The powerful showing of former Mass Democratic Movement activists at last week’s elections for the African National Congress executive demonstrated just how keen the movement’s rank-and-file members were to ensure a balance of forces in their leadership.
The “populists” — who dominated the top 10 rankings in Bloemfontein three years ago — suffered a severe setback. Delegates opted instead for Cabinet’s technocrats, those with a proven track record in government.
But the big news was the stunning comeback of the former MDM with Cyril Ramaphosa topping the national executive committee (NEC) list, days after Patrick “Terror” Lekota — also an ex-MDM activist — had made Minister of Sport and Recreation Steve Tshwete eat humble pie to become ANC national chair.
Close on Ramaphosa’s heels were Cabinet ministers Jay Naidoo, Trevor Manuel, Dullah Omar and Mohammed Valli Moosa. The four were key activists in the MDM.

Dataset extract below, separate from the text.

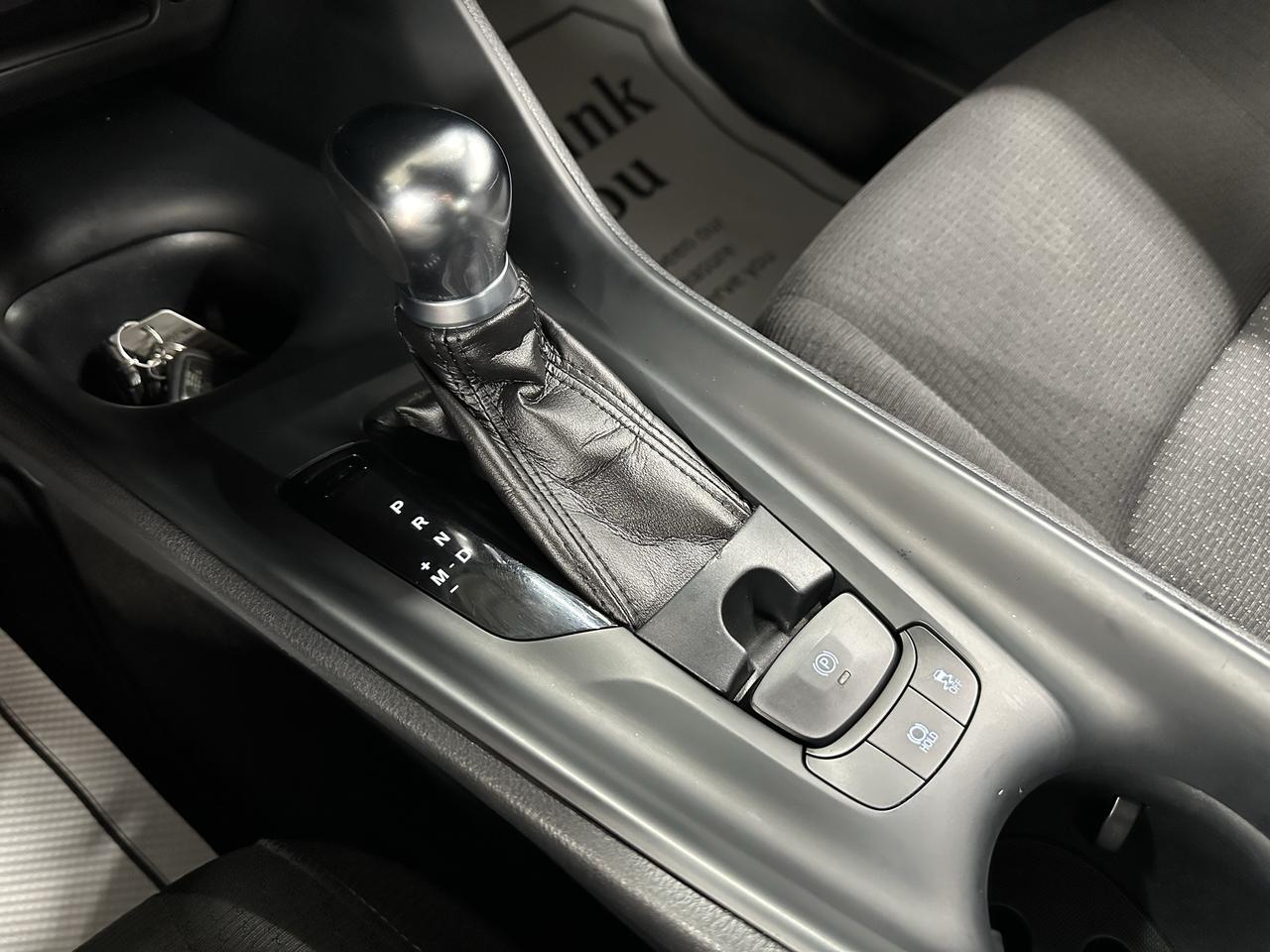 2018 Toyota C-HR XLE Photo41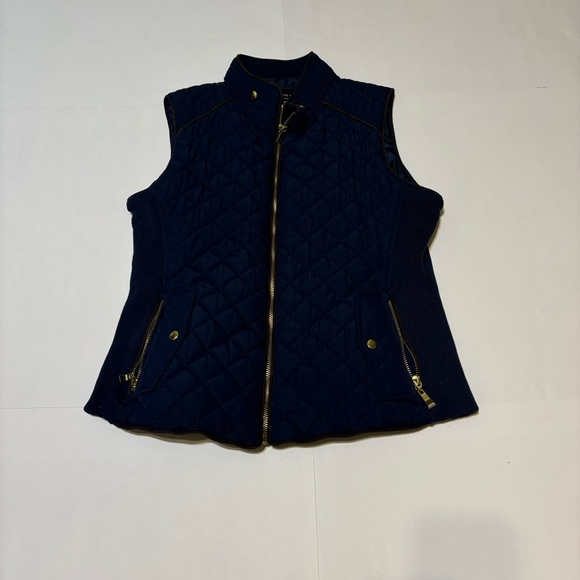 53. ⭐️ Active USA navy blue vest size medium - Picture 3 of 8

Minister of Environmental Affairs and Tourism Pallo Jordan, a former exile who is nevertheless seen as a dissident from mainstream exile thinking and who was almost driven into the political wilderness last year, scored third-highest.
Jordan’s interpretation is that it laid the Africanist bogey to rest: “If you look at the thrust and the vision of those people who were talking in terms of an Africanist thrust, if there was any Africanist threat, it has been completely buried … The first 10 positions do not reflect that in the least, so you have a reaffirmation of the ANC’s non-racial character.”

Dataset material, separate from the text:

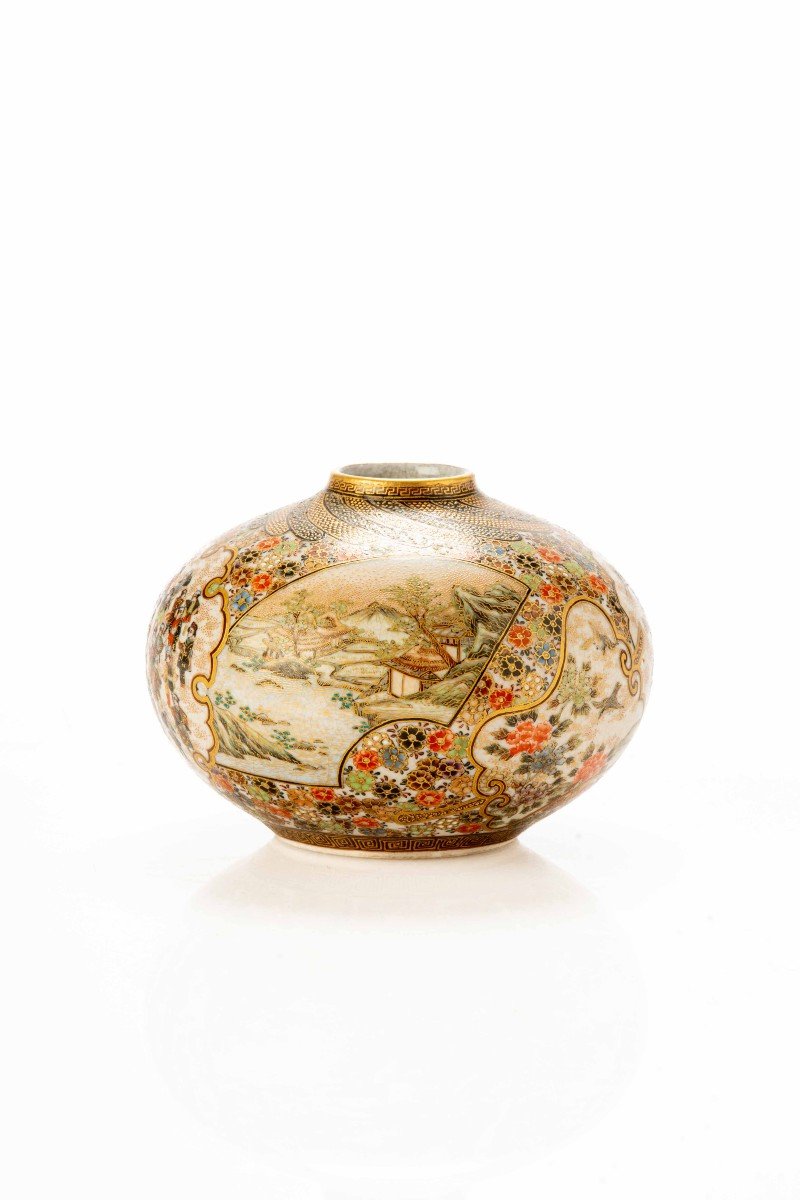 A Satsuma Ceramic Vase With A Globular Body-photo-3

Phillip Dexter, a South African Communist Party member elected to the NEC, said he thought delegates went for a strong balance . “They want people from the executive who can get on with delivery and governance … Apart from gender, if you look at the cross-section of age, race, political background and experience, you have a dynamic mix of people.”
Speaking off the record, a leading ANC member said: “The kind of people who thought they would get away with smoke and mirrors were trounced. Prior to the conference, the old NEC, particularly leaders from the government, were panicking, saying 80% of the conference delegates had never come to the conference before.
“They were behaving as if they were an uneducated, illiterate mass, but the way in which the delegates out-performed their leadership was startling. It will be interesting to see how this manifests itself in the new NEC.”
Human Sciences Research Council analyst Vincent Maphai singled out the showing of Cyril Ramaphosa as significant. “I thought that having left active politics, he would not have fared as well as he did. It raises significant questions about about what his future should be.”
Another ANC official thought that partly because so many leadership issues were discussed in advance, a fair amount of consensus was reached beforehand. “The fact that so many people in Cabinet were returned on to the NEC is a demonstration of confidence in the Cabinet.”